**TASK DIRECTIONS**
Using the records below, write out the line with "茨木市鮎川４丁目の土地" and each line after it through the final one, exactly, and only those.

··· THE DATA ···

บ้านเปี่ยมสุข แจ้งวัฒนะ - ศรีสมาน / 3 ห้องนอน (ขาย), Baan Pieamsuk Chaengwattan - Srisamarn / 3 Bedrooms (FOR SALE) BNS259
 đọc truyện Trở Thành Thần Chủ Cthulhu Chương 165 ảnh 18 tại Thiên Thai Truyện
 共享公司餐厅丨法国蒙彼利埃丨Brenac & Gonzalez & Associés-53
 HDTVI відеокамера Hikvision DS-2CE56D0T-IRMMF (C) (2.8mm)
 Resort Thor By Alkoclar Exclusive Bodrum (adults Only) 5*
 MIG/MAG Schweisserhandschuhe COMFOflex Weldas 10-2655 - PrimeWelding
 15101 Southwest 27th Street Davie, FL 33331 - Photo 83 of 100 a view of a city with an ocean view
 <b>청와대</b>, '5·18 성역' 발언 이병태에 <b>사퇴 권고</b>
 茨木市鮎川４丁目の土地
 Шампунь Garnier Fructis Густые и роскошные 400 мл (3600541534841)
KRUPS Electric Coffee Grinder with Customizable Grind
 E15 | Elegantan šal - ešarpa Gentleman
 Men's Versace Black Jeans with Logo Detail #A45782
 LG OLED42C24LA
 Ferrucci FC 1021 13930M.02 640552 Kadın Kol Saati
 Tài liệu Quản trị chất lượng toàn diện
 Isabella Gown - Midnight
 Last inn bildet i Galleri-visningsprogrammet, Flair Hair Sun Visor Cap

···

**REPLY TO THE TASK**
 茨木市鮎川４丁目の土地
 Шампунь Garnier Fructis Густые и роскошные 400 мл (3600541534841)
KRUPS Electric Coffee Grinder with Customizable Grind
 E15 | Elegantan šal - ešarpa Gentleman
 Men's Versace Black Jeans with Logo Detail #A45782
 LG OLED42C24LA
 Ferrucci FC 1021 13930M.02 640552 Kadın Kol Saati
 Tài liệu Quản trị chất lượng toàn diện
 Isabella Gown - Midnight
 Last inn bildet i Galleri-visningsprogrammet, Flair Hair Sun Visor Cap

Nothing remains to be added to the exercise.